Die parlamentarische Staatssekretärin im Arbeits- und Sozialministerium, Kerstin Griese (SPD), schrieb für die Bundesregierung: „Eine Differenzierung nach Fällen mit Erwerbseinkommen ist nicht exakt möglich. In der Mehrheit der Fälle wird eine eigene Rente als anrechenbares Einkommen bezogen.“

„Politik im Blindflug“

Für Matthias W. Birkwald, Renten- und Alterspolitischer Sprecher der Linken im Bundestag, hat die Reform der Ampel damit einen faden Beigeschmack. Zwar begrüße er, „dass die Witwen und Witwer zukünftig mehr von ihrem Hinzuverdienst behalten werden dürfen. Gerade diejenigen mit kleinen und mittleren Einkommen wird das enorm entlasten“, sagte Birkwald gegenüber IPPEN.MEDIA.

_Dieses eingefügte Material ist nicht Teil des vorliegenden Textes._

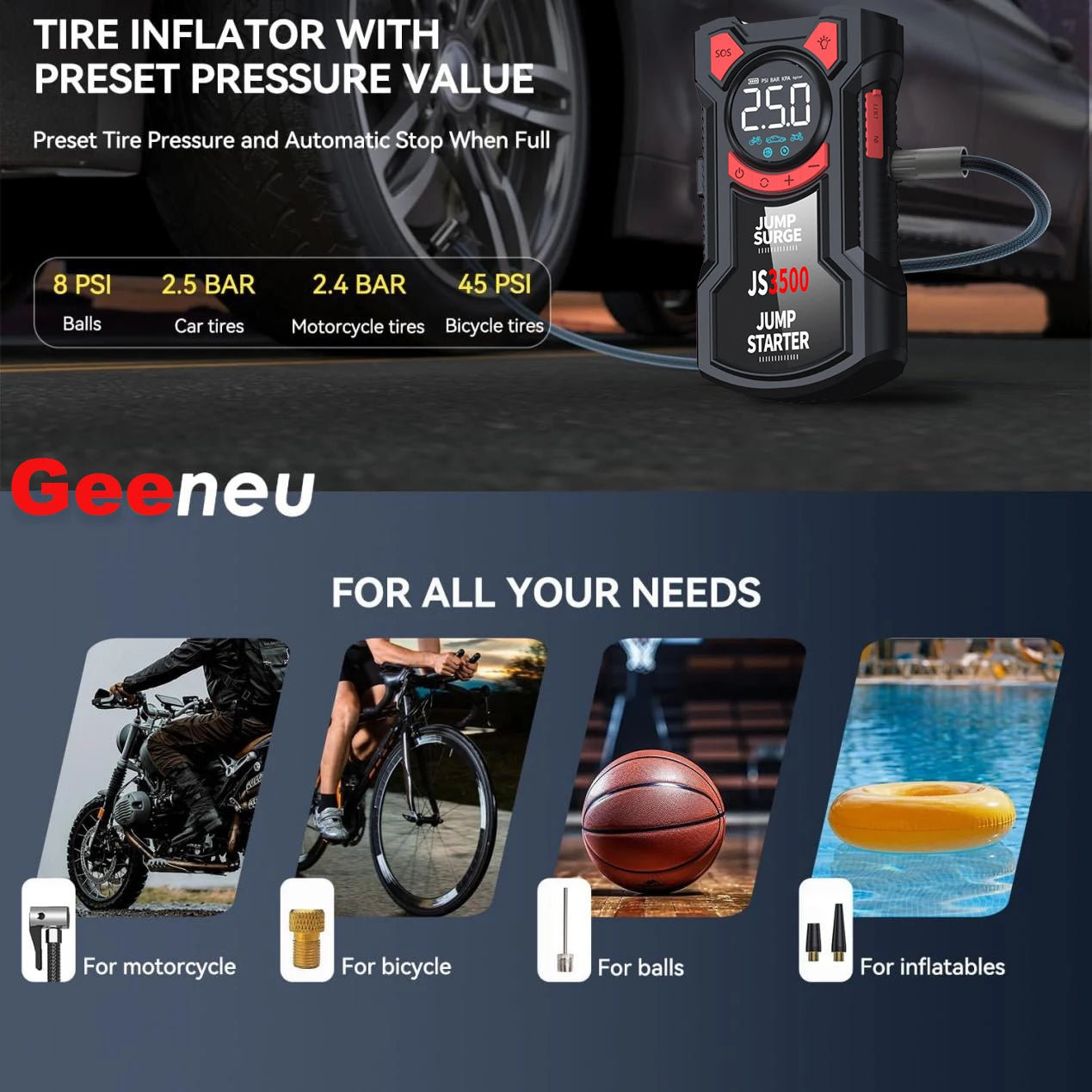 5-in-1 Multifunctional Air Pump Jump Starter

Die Wissenslücke über die Kosten der Reform ärgert den Linken-Politiker aber: „Nur schlägt die Bundesregierung wieder einmal Maßnahmen vor, bei denen sie eigentlich die rechnerische Grundlage gar nicht benennen kann. Mit der Wachstumsinitiative soll die Anrechnung aus Erwerbseinkommen bei den Witwenrenten reformiert werden, aber wie viel Erwerbseinkommen dort überhaupt anrechnet wird, das weiß die Ampel gar nicht“, so der Linken-Abgeordnete, der deshalb mit hart mit der Koalition ins Gericht geht: „Das bedeutet auch, dass SPD, Grüne und FDP die finanziellen Auswirkungen weder für die Witwen und Witwer, noch für die Rentenversicherung benennen können. Ihre Politik im Blindflug ist eine schlechte Politik.“

Millionen Witwen und Witwer bekommen die Hinterbliebenenrente nicht voll ausgezahlt. Das geht aus einer kleinen Anfrage des Linken-Politikers Matthias W. Birkwald an die Bundesregierung hervor. © Imago/ dts Nachrichtenagentur/ C3 Pictures

Abschaffung der Witwenrente

Genaue Daten hat die Regierung dagegen bei der Frage, wie viele Rentenbeiträge nicht ausgezahlt werden – etwa wegen Versterben der Rentnerinnen und Rentner: 2018 wurden rund fünf Milliarden Euro nicht aus der Rentenkasse gezahlt, 2023 fast 6,5 Milliarden.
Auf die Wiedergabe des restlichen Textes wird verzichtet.